- What is required -
Please give the whole listing again word for word, and drop any pictures it holds.

- Data segment -
§ §

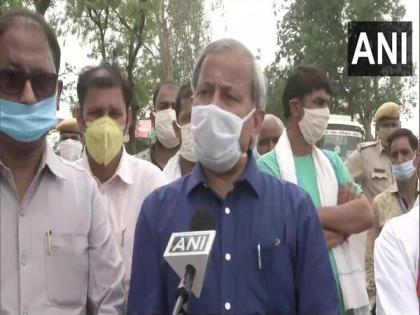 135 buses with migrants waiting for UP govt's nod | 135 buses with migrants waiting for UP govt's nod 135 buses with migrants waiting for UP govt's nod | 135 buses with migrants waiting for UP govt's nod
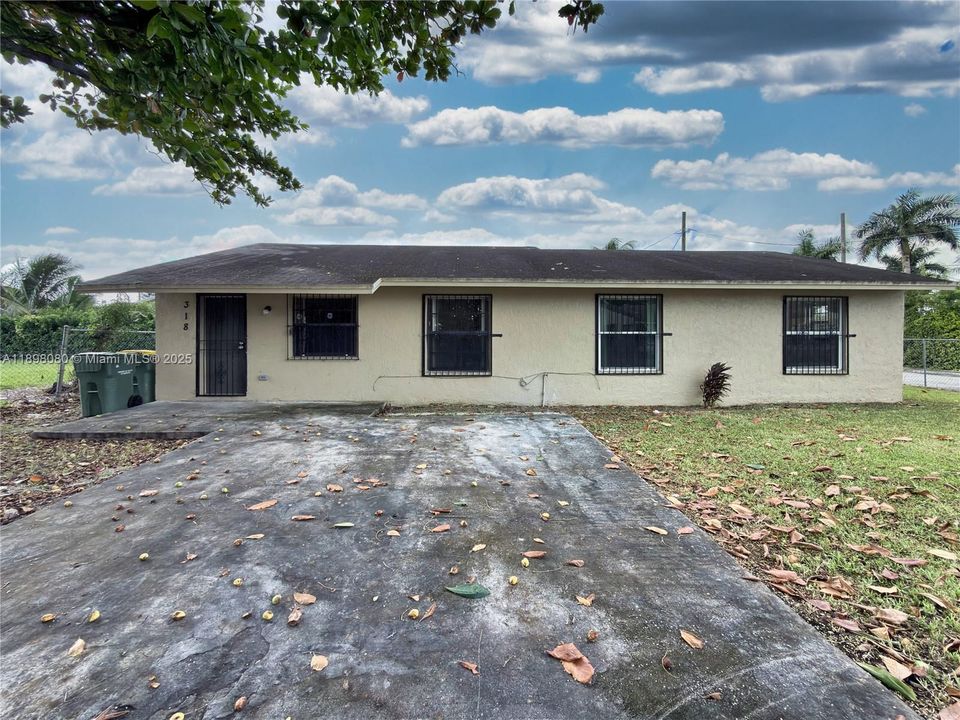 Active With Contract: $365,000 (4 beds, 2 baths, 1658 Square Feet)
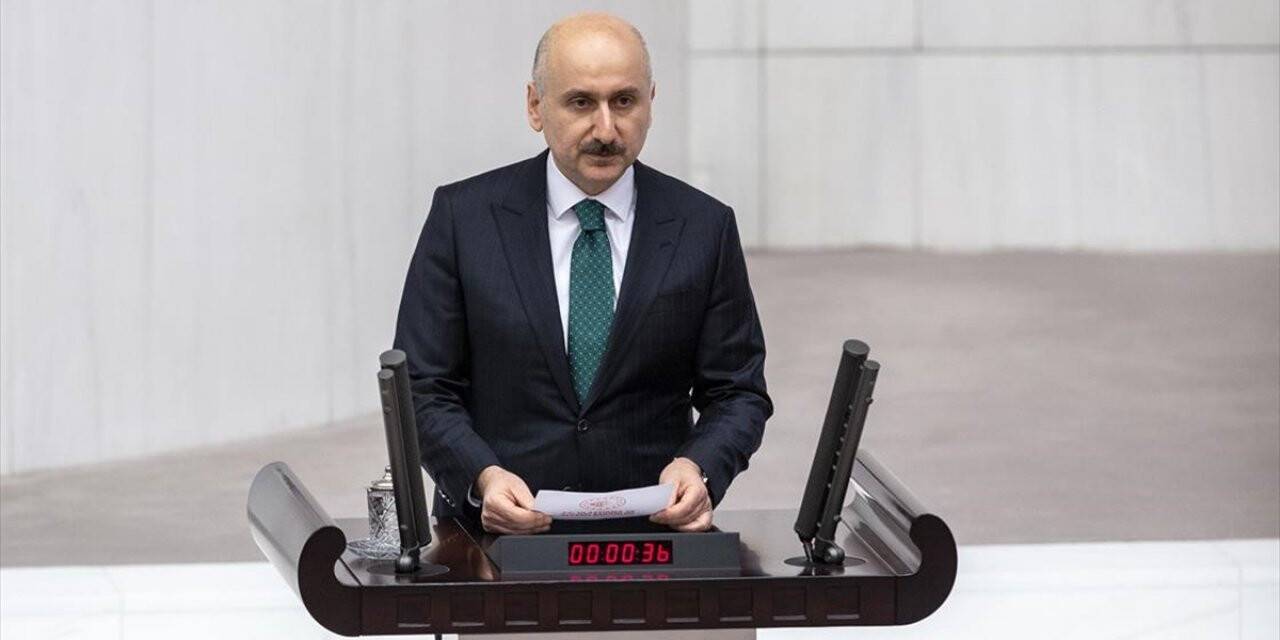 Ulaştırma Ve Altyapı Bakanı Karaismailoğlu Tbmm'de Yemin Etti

§ §

- Response area -
 135 buses with migrants waiting for UP govt's nod | 135 buses with migrants waiting for UP govt's nod 135 buses with migrants waiting for UP govt's nod | 135 buses with migrants waiting for UP govt's nod
 Active With Contract: $365,000 (4 beds, 2 baths, 1658 Square Feet)
 Ulaştırma Ve Altyapı Bakanı Karaismailoğlu Tbmm'de Yemin Etti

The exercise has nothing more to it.